Someone had asked, “Why do we pray the same service every morning?”

I’d heard the same question plenty of times before, and never heard a satisfying answer. Most answers were along the line of “The regularity anchors you,” or “These are what Rabbis over a two thousand years gathered. Who are we to argue?” or even worse,

“Because God said so,” which to a degree is what any religious debate amounts to when you get right down to it.

Danny went for a more historical context. “Back in the temple times no one prayed at all. Instead they did sacrifices. The only reason praying started is because the temple was destroyed, and it was a way to maintain Judaism in a post temple period. It was a major departure, and not mentioned in the Torah.

“The idea of the service is to mimic the sacrifice. A lot of people think of sacrifices and associate it with some barbaric ritual that would never fly in this day and age. But what was it? A single animal slaughtered. The food got eaten, and the waste products were given up to God.

“The question, however, is why bother doing it? What did it signify? Some animalistic urge? In a way. The point of the sacrifice was to create a separation between the animal soul and the human one. To create a defining visceral experience that said this is where the animal side of myself ends. I’m cutting that loose and what’s left isn’t just the human side, but actually the Godly one.”

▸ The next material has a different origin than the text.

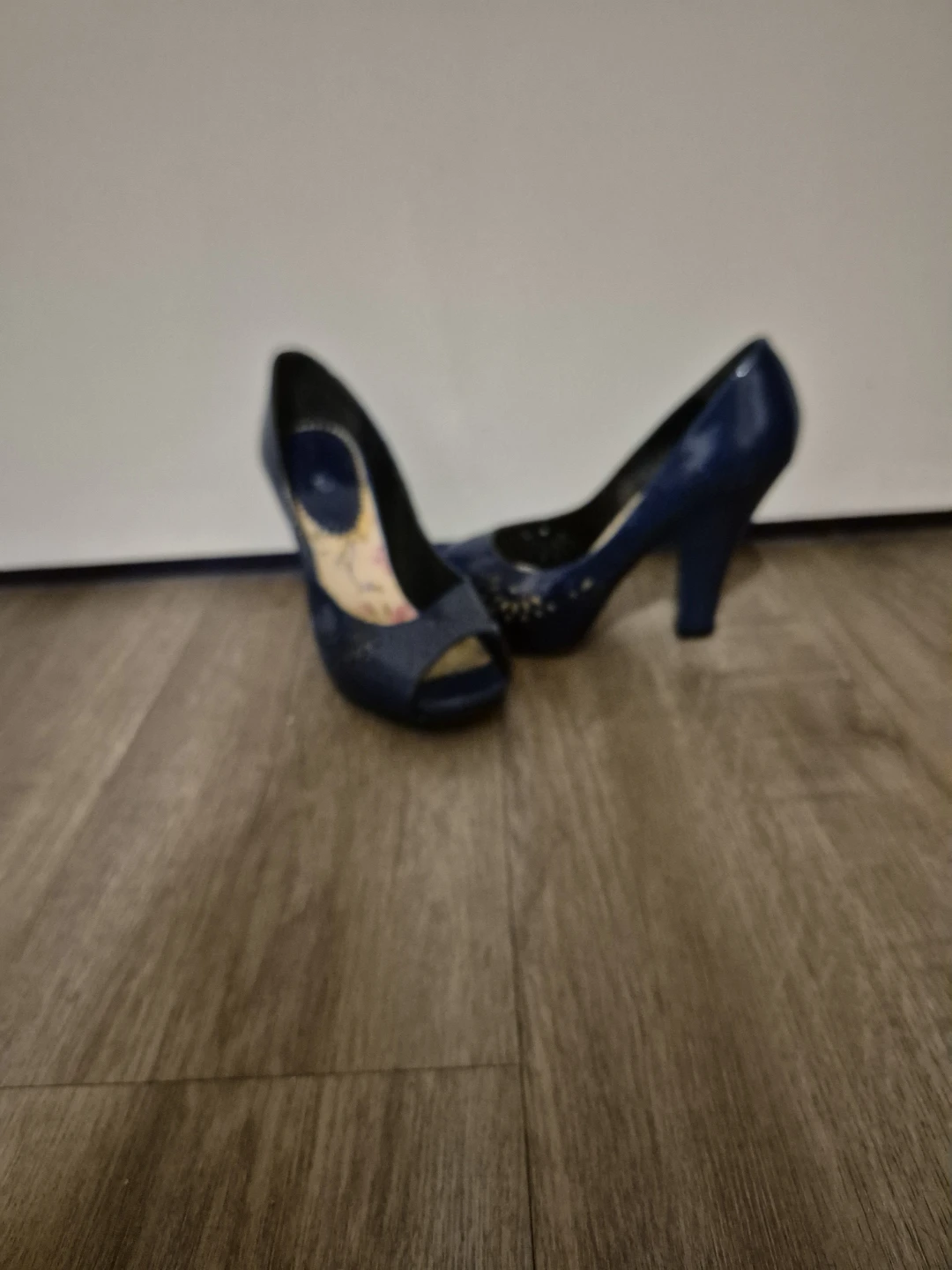 Navy Blue Patent Peep Toe Heels - Size 36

He then probably went on to talk about the range of souls, the Kabbalistic traditions of going through the various levels, and why it was considered and still is considered so important.

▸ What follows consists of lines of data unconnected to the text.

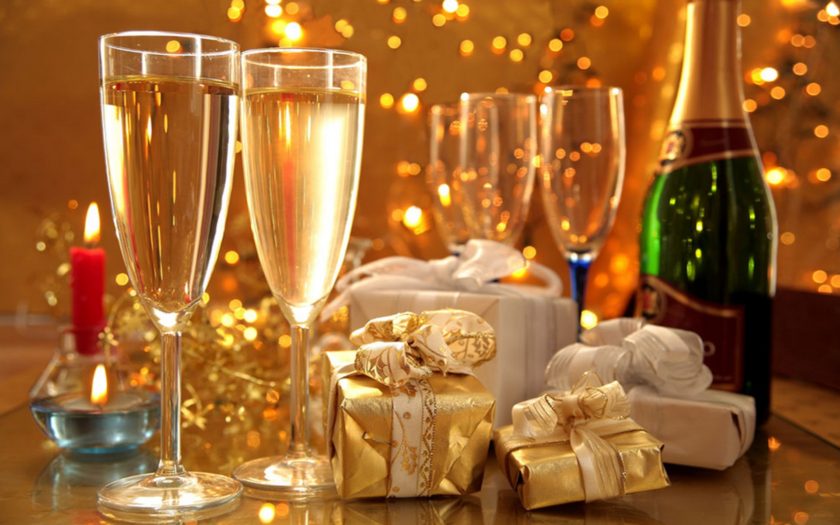 Celebrate A New Year Holiday Gifts And Wine Glasses Desktop Backgrounds ...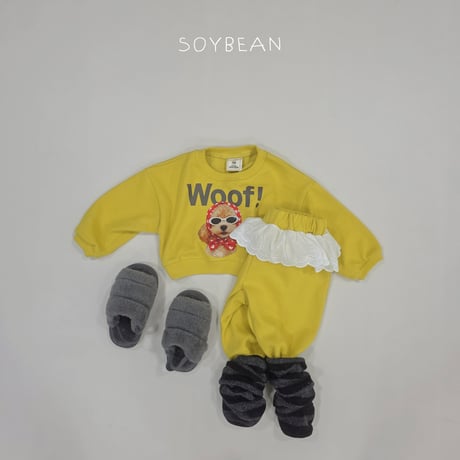 soybean/13. plan ) wangwang fril updown set XS-XL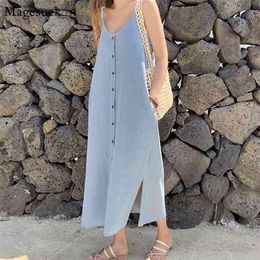 Korean Button Loose Sling Denim Dress Female Solid Plus Size Backless Summer es Sexy Split Cotton Woman Vestido 14077 210512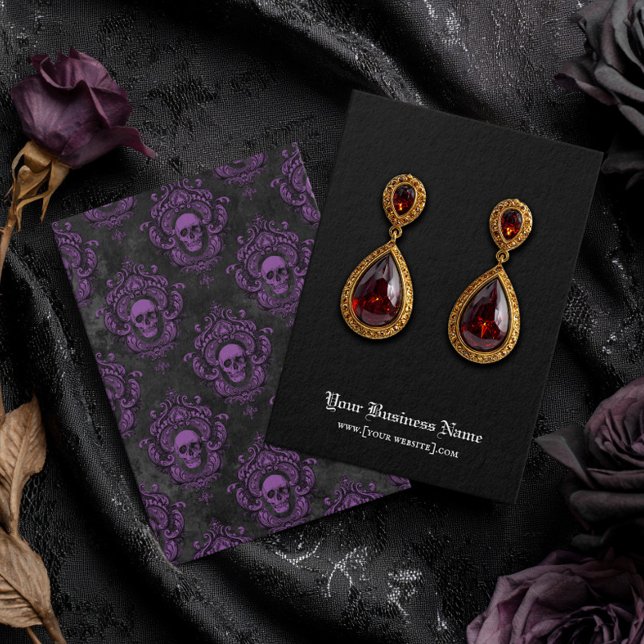 Black Purple Gothic Skulls Halloween Earring Card (Subido por el creador)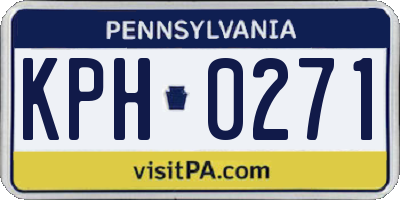 PA license plate KPH0271
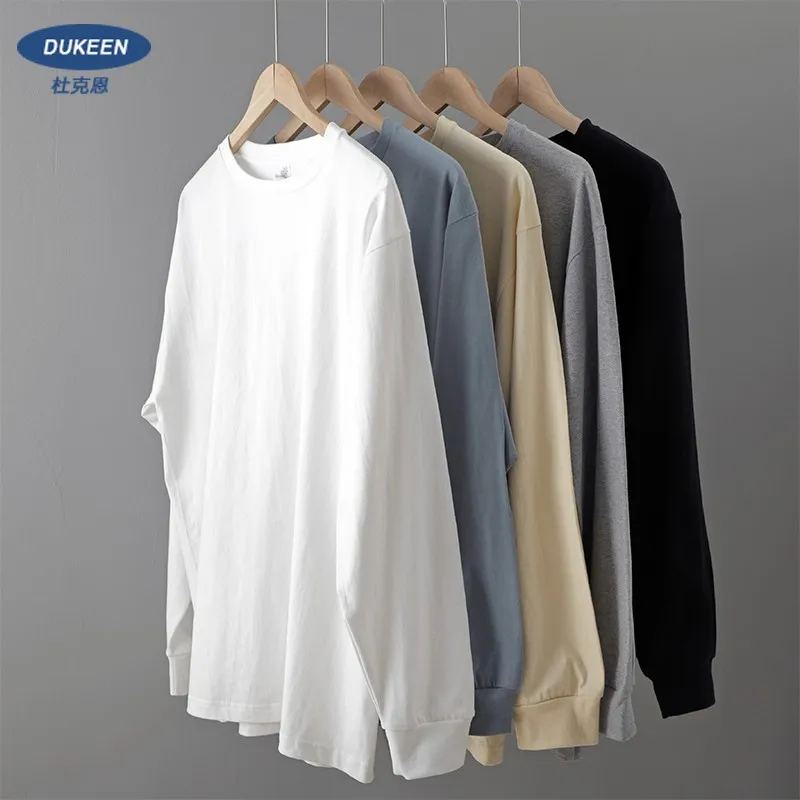 Dukeen 260gsm Heavy Long Sleeved T Shirt Men Cotton Oversized Solid ...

“When I pray,” he said (which is a far cry from the phrase - ‘the reason to pray is’) “it’s with this idea of the sacrifice in mind. The Shemonah Essrai is going through the blessings of the sacrifice. It’s there to create that distinction of the souls.”

He put it far more eloquently than I’m paraphrasing here, but it was this conversation that in many ways put me over the edge, and convinced me to pray every morning from my Junior Year of of High School through half way into my Freshman Year of College. If I had been at a school that fostered Judaism differently, there’s no telling what direction I might have gone. I have two orthodox sisters now, and I’m by far the most left leaning of the three of us. In high school I was easily the most religious.

On Birthright during Kabbalat Shabbat on the second day of the trip, I tried imparting this lesson I’d learned over a decade ago, tying it in to L’chah Dodi, the major prayer welcoming in the Sabbath Queen, and bringing the final curtain in to the transition into Shabbat. It was the first time in a while I’d thought about it.

I’m not planning to go back to daily prayers any time soon. Despite the fact that I always left praying inspired, with some hanging thread of an idea fully formed into an actionable project. It was a meditation. These days I have other channels to express that. Writing. Drawing. Painting. Improvising. To name a few.

But the lesson remains the same. Creating that transition to the Godly spirit. Others call it by a different name. Entering a Flow State. Fighting past Resistance. Reaching a level of Nirvana. We’re all saying the same thing. Whatever gets you there. While my channel is different these days, the direction of the path remains the same.

I hope I came close on my trip to having the same impact on some of the participants that Danny had on me. Helped on their path. Because for a year, as I prayed every morning, I understood in a very clear sense, exactly what my purpose was. Why I was set here.

What all of this means.

These days I’m more lost then ever, but once upon a time I knew. There’s a good chance I’ll rediscover that sense of passion. It gives me hope.